Data for review →
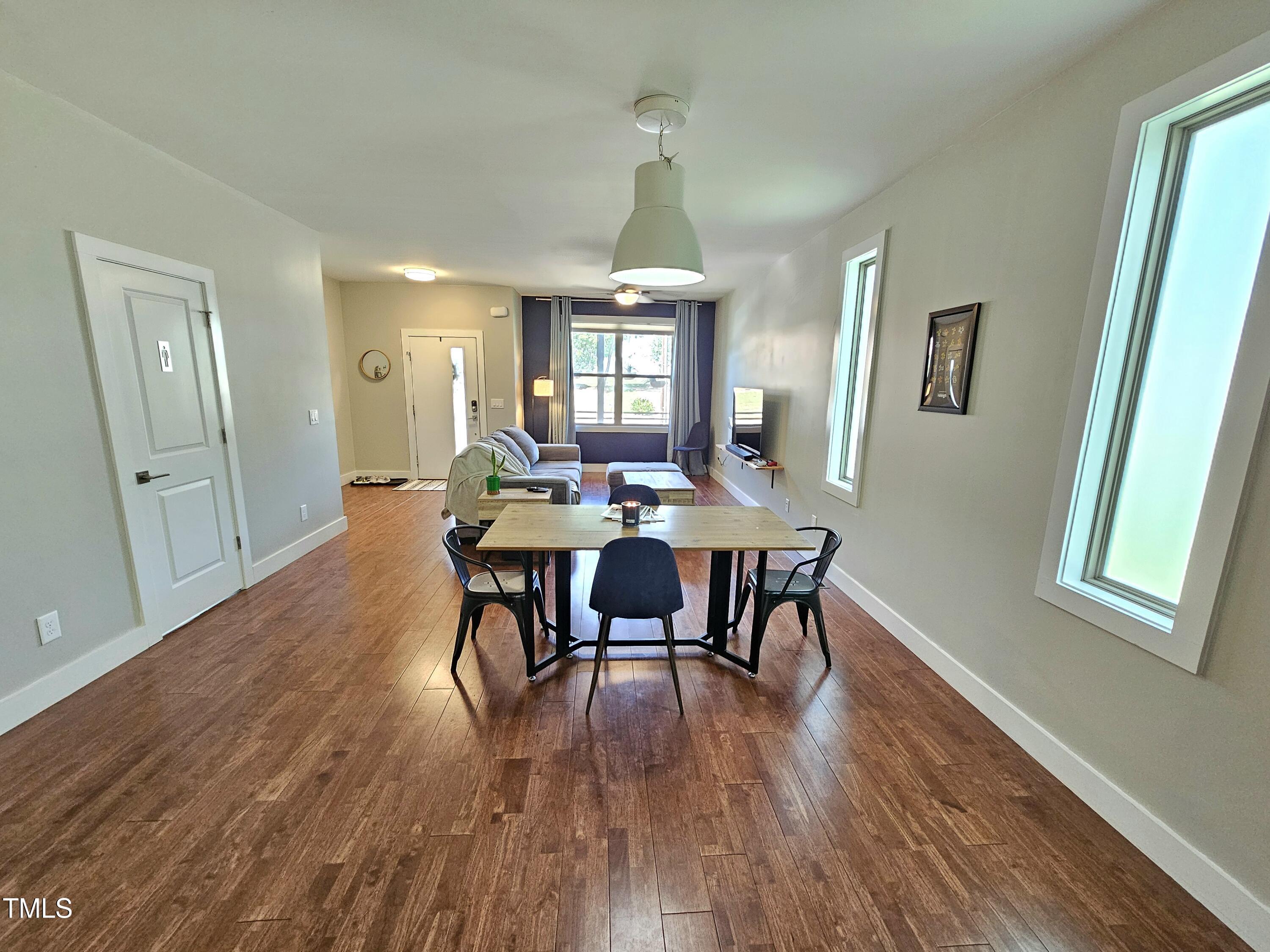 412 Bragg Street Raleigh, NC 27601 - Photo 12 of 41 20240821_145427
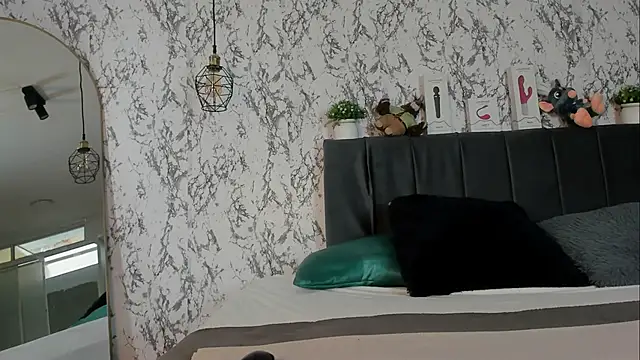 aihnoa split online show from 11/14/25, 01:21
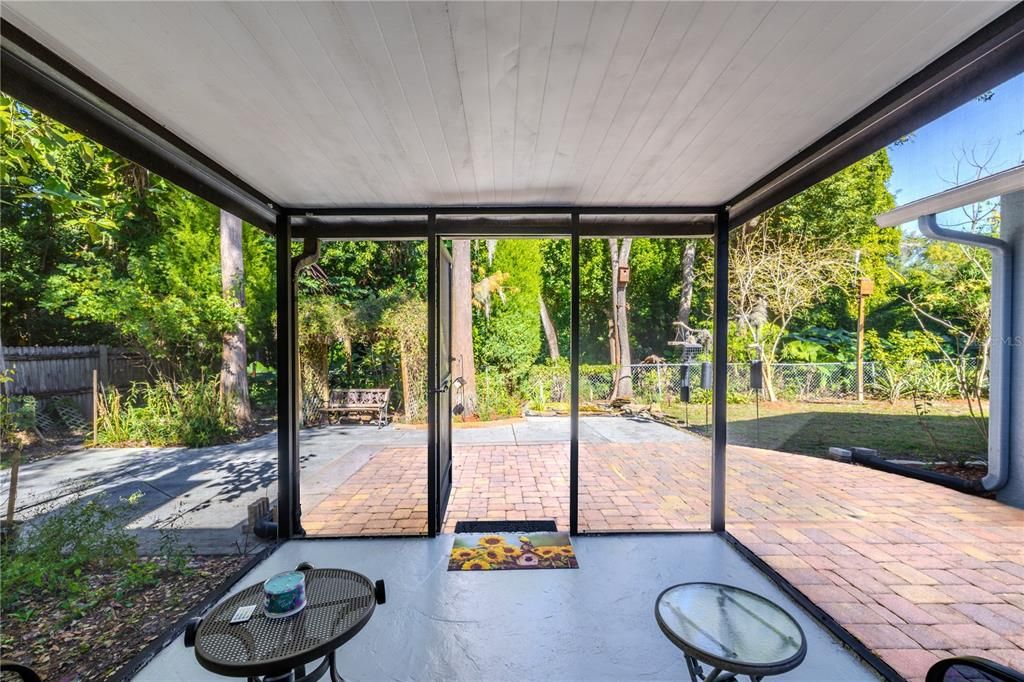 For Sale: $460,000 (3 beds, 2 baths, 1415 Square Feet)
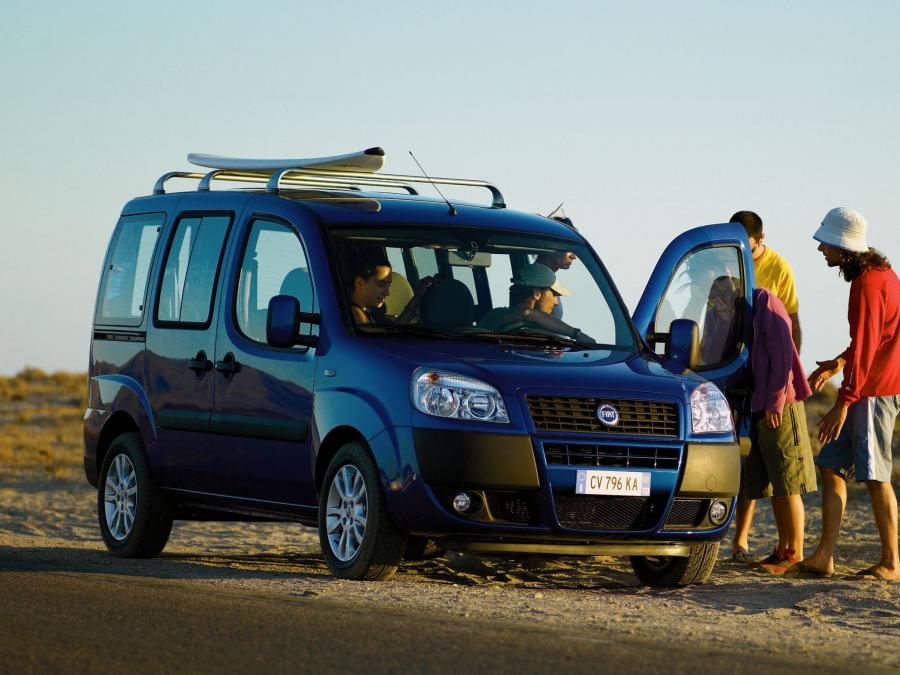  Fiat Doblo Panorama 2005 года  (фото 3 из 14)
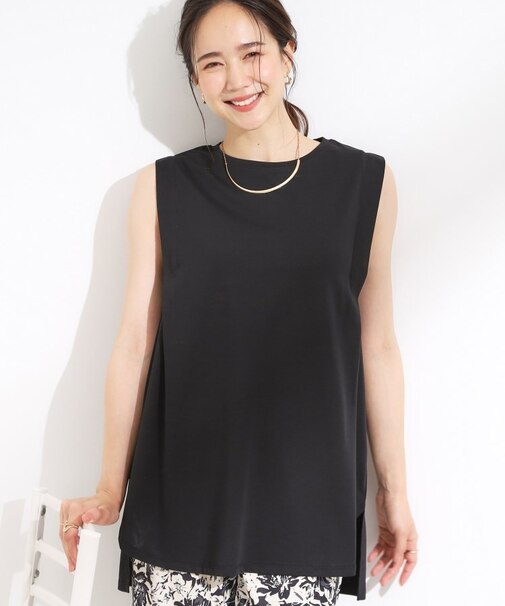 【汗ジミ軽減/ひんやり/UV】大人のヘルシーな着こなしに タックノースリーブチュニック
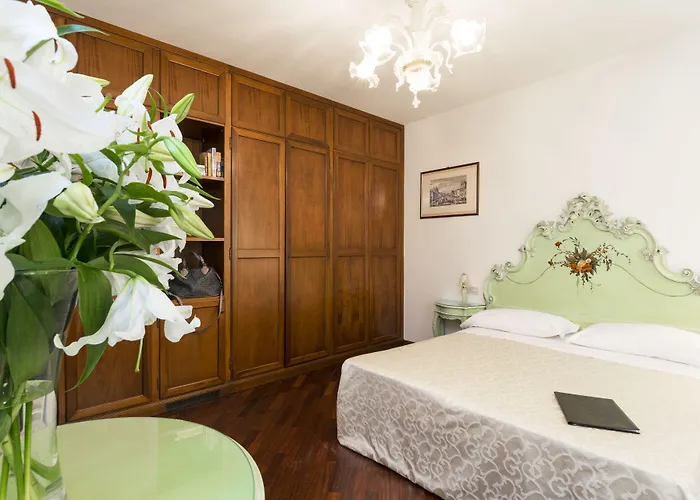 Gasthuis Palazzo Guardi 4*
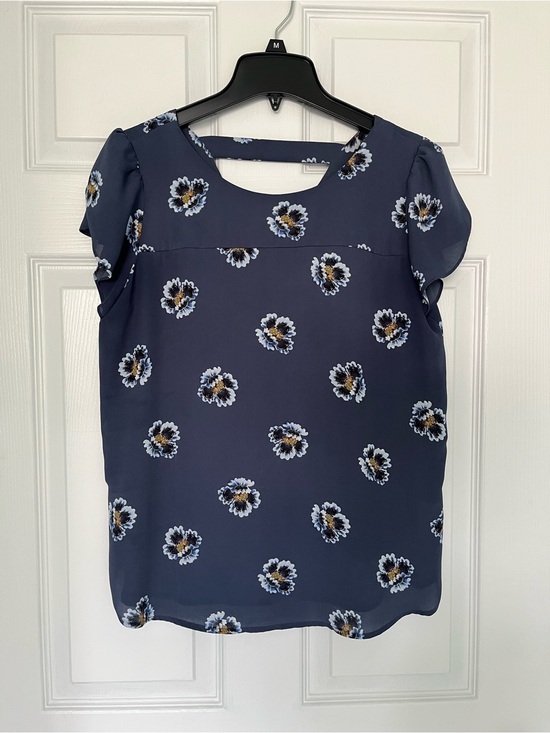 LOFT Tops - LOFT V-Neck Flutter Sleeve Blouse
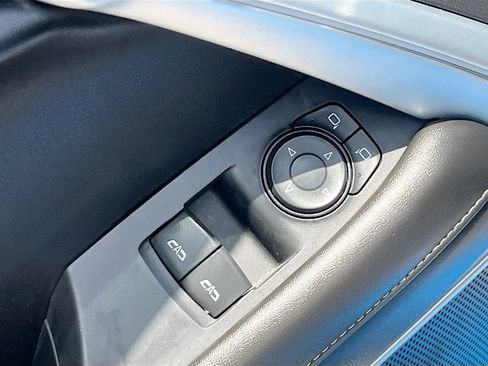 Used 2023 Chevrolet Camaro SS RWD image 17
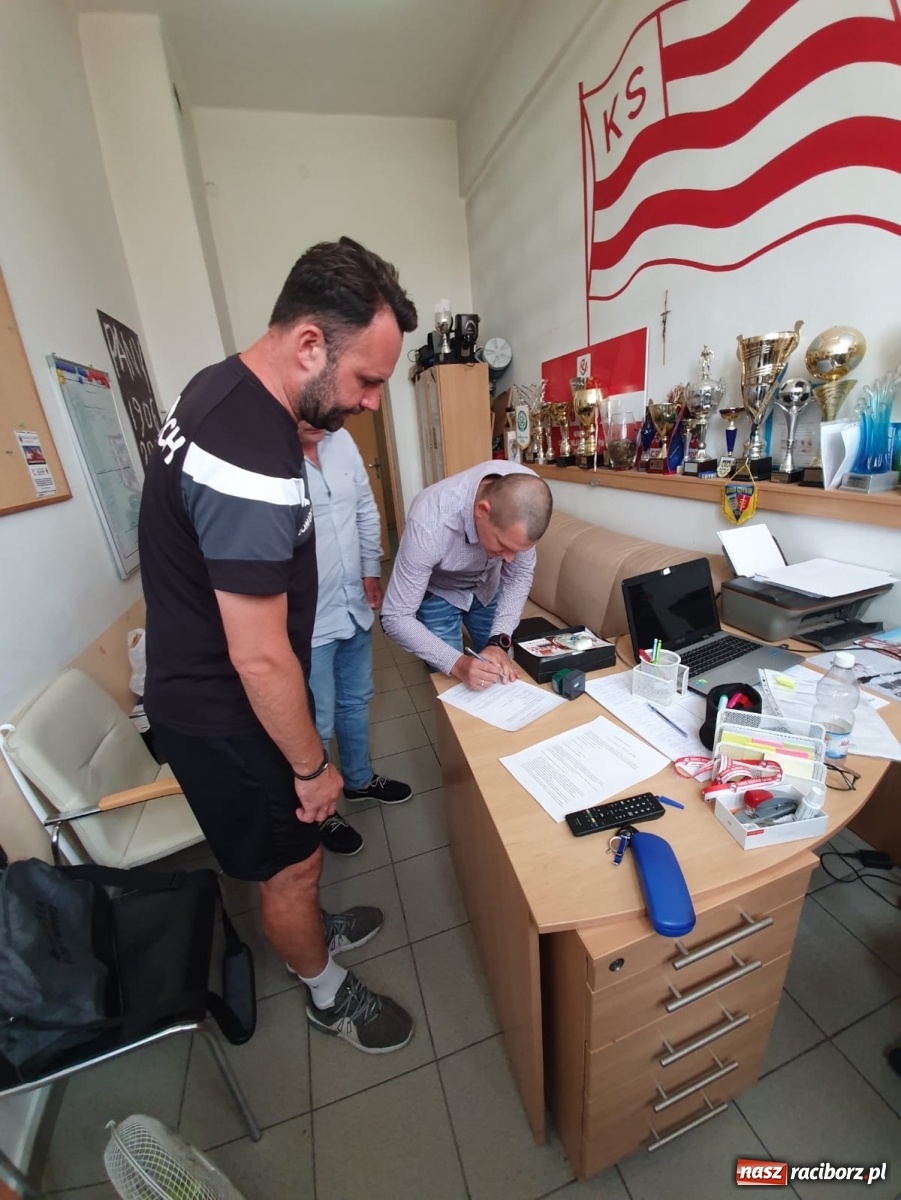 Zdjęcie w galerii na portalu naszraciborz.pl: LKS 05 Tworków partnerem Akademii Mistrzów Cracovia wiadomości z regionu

Task details → Any picture in the listing is to be omitted. Return exactly the lines from the one containing "Gasthuis Palazzo Guardi 4*" through its last line, both included, and only those.

Answer to this task →
 Gasthuis Palazzo Guardi 4*
 LOFT Tops - LOFT V-Neck Flutter Sleeve Blouse
 Used 2023 Chevrolet Camaro SS RWD image 17
 Zdjęcie w galerii na portalu naszraciborz.pl: LKS 05 Tworków partnerem Akademii Mistrzów Cracovia wiadomości z regionu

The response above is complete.